The book opens with a survey of the current state of Old Testament theology, and the changing consensus that appears to be underway before proposing in the next chapter three perspectives through which we get a framework to better understand the text … and just as imported, what human response is expected to what was revealed. What Bellinger adds to the discussion is the idea that there is a separate prophetic theology attached to the more obvious creation and covenant theology along with a discussion of how they are interact with each other through the entire scripture along with a brief summary of the context from which they emerged. In chapter 2, he begins to develop this concept with a discussion on how the use of the Psalms as liturgy within the faith community ties it all together. “First, it suggests that the most fruitful context for sharing a theology is a worshiping community. Second, the Psalter most frequently articulates the initiative for God’s engagement with the world coming from the divine side.” It gave me an even greater appreciation for the Psalter. With that in hand, we march through the rest of the Hebrew Scriptures identifying where God is present to Bless and the human response of Wisdom (Creation Theology), where God comes to deliver and the human response of instruction/torah (Covenant Theology) and finally where God speaks and the human response of repentance (Prophetic Theology). Through out the discussion, Bellinger systematically guides the reader in well organized supporting material and interpretations that stay away from any debate or judgement on specific details to present a mile high overview of the entire scripture.
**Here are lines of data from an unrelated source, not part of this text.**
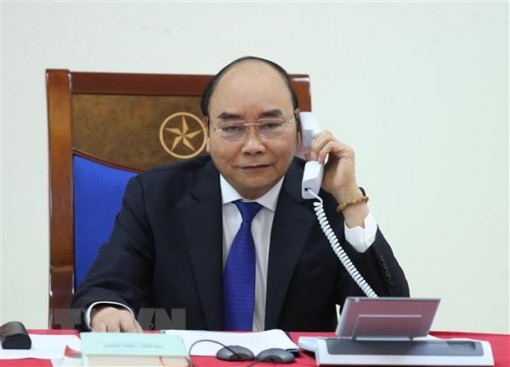 Thủ tướng Chính phủ Nguyễn Xuân Phúc điện đàm với Thủ tướng Australia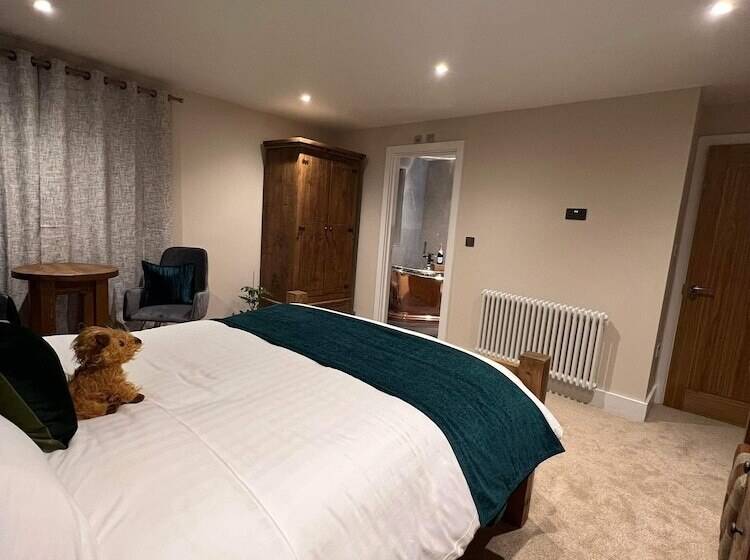 اتاق استاندارد, Bulls Head  Holymoorside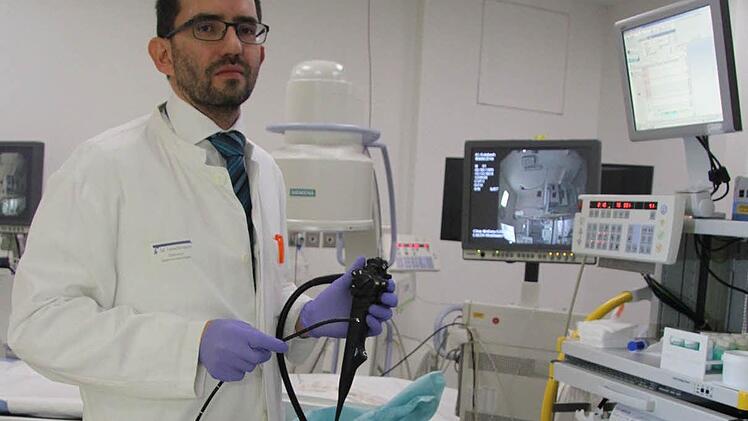 Markus Hirschmann möchte als leitender Arzt die medizinische Klinik II für Gastroenterologie und Onkologie im Sinne seines Vorgängers Markus Ewald weiterführen. Foto: Sonja Adam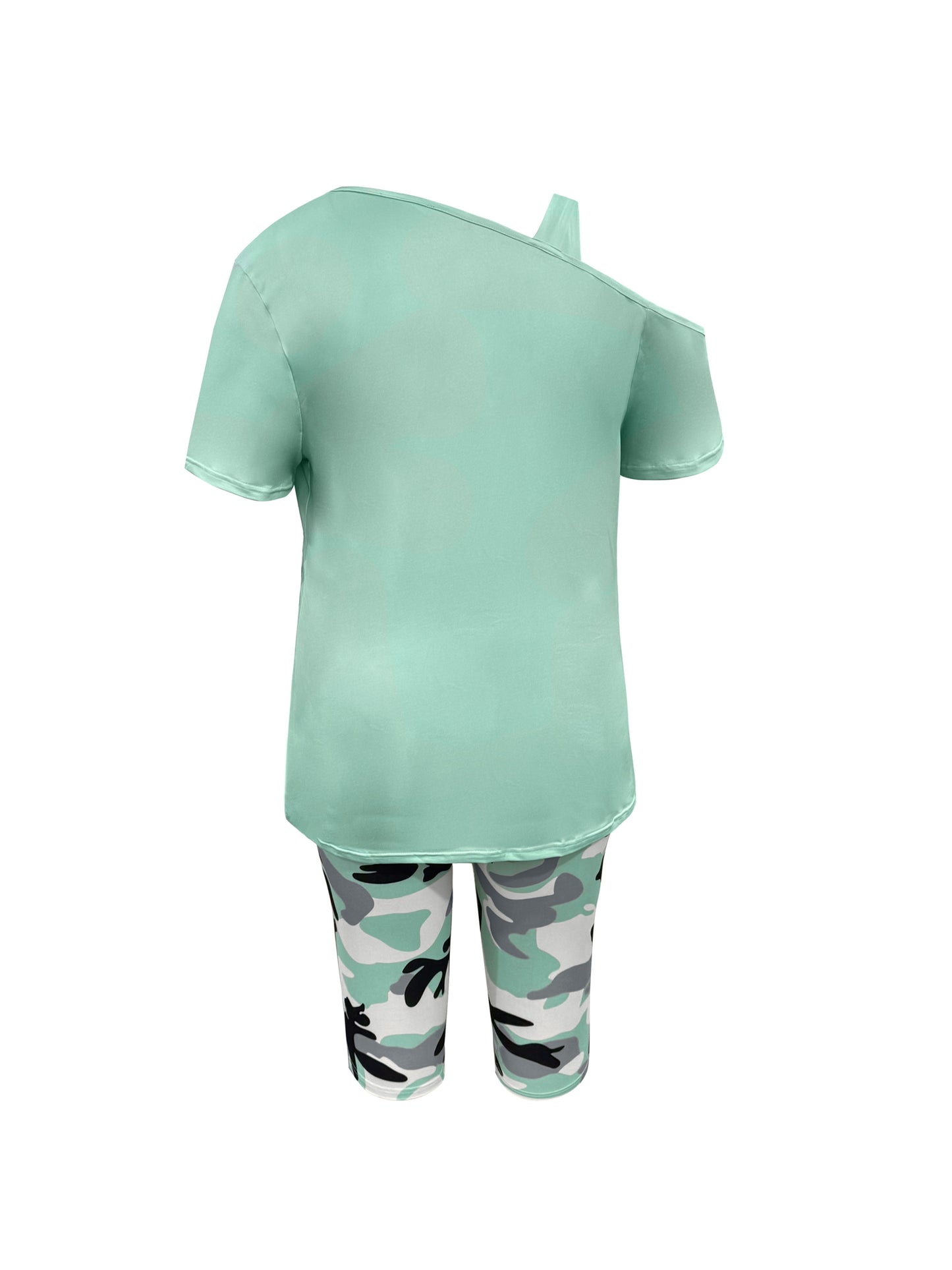 Plus Size - Ladies Plus Size Daily Casual One-Shoulder Short Sleeve Two-Piece Outfit, Diagonal Shoulder Design, Slim Fit Camouflage Pants Suit With Letter Print.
Even as a scholastic work, Bellinger uses common language to make this one of the most accessible works on biblical exegesis that I have encountered … so I recommend it for all audiences :-)
Chapter 1 - Beginnings
Chapter 2 - A Shape for Old Testament Theology
Chapter 3 - Pentateuch
Chapter 4 - Historical Books
Chapter 5 - Psalms
Chapter 6 - Wisdom
Chapter 7 - Prophecy
Chapter 8 - Conclusion
I was given this free advance review copy (ARC) ebook at my request and have voluntarily left this review.